# Input data
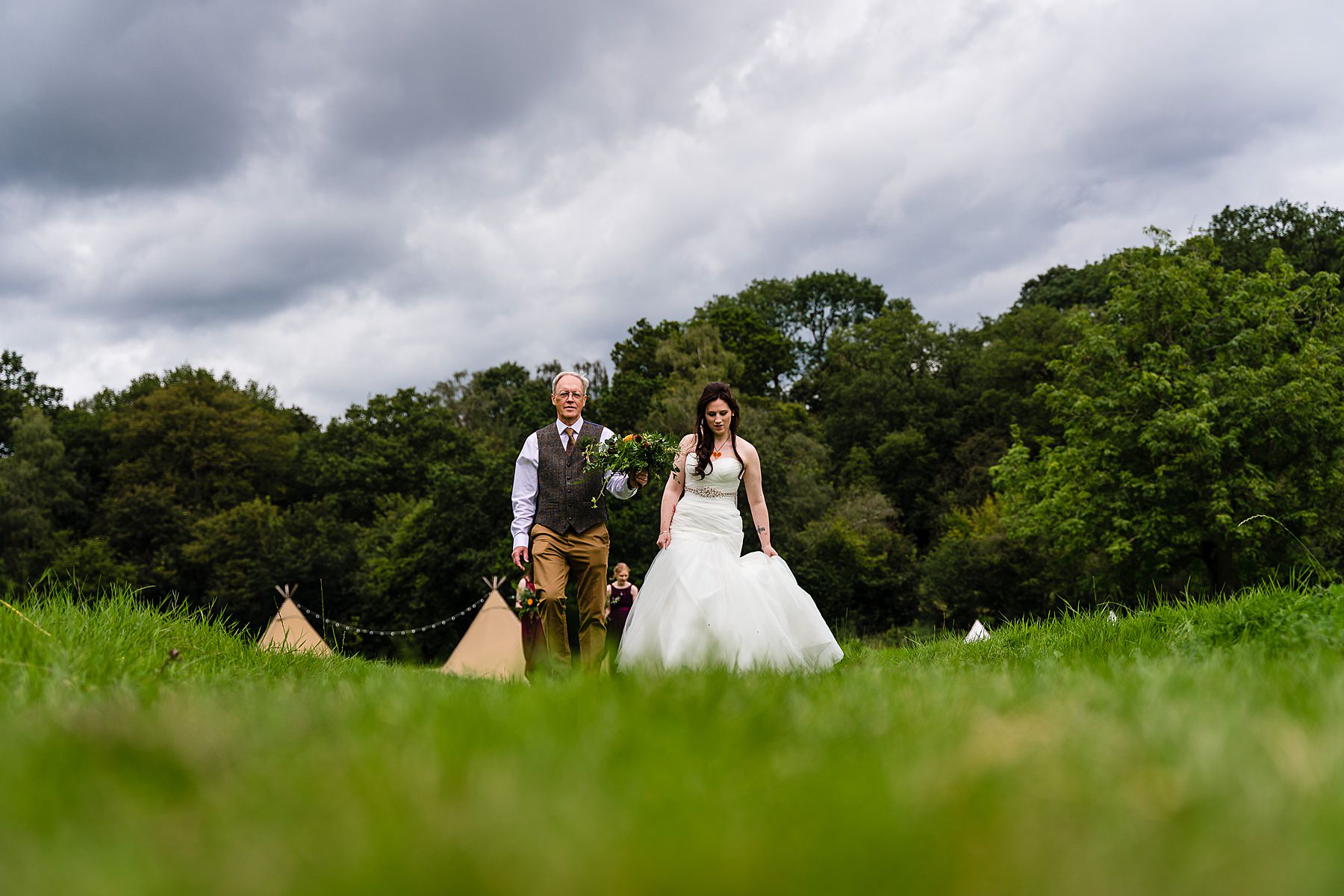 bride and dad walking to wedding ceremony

...

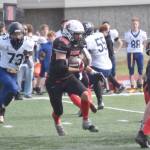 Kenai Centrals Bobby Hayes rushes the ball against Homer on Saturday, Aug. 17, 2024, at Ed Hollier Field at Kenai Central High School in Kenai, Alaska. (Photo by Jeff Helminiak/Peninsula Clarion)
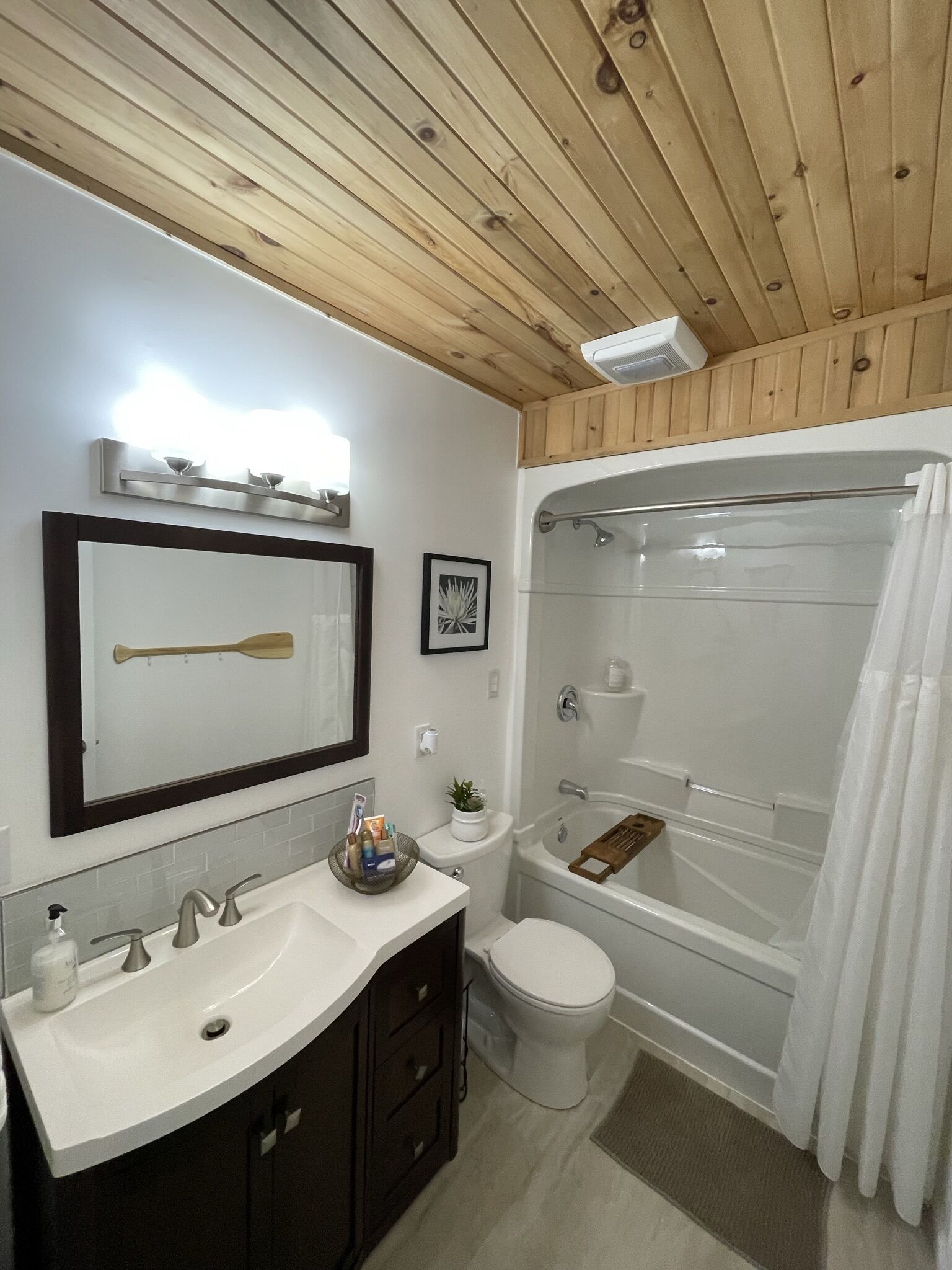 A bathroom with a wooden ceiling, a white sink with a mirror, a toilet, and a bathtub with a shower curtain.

# Exercise instructions
Above, find the line holding "Kenai Centrals Bobby" and the line holding "A bathroom with". Print exactly those two lines and every line between them, but no pictures.

# Reply
 Kenai Centrals Bobby Hayes rushes the ball against Homer on Saturday, Aug. 17, 2024, at Ed Hollier Field at Kenai Central High School in Kenai, Alaska. (Photo by Jeff Helminiak/Peninsula Clarion)
 A bathroom with a wooden ceiling, a white sink with a mirror, a toilet, and a bathtub with a shower curtain.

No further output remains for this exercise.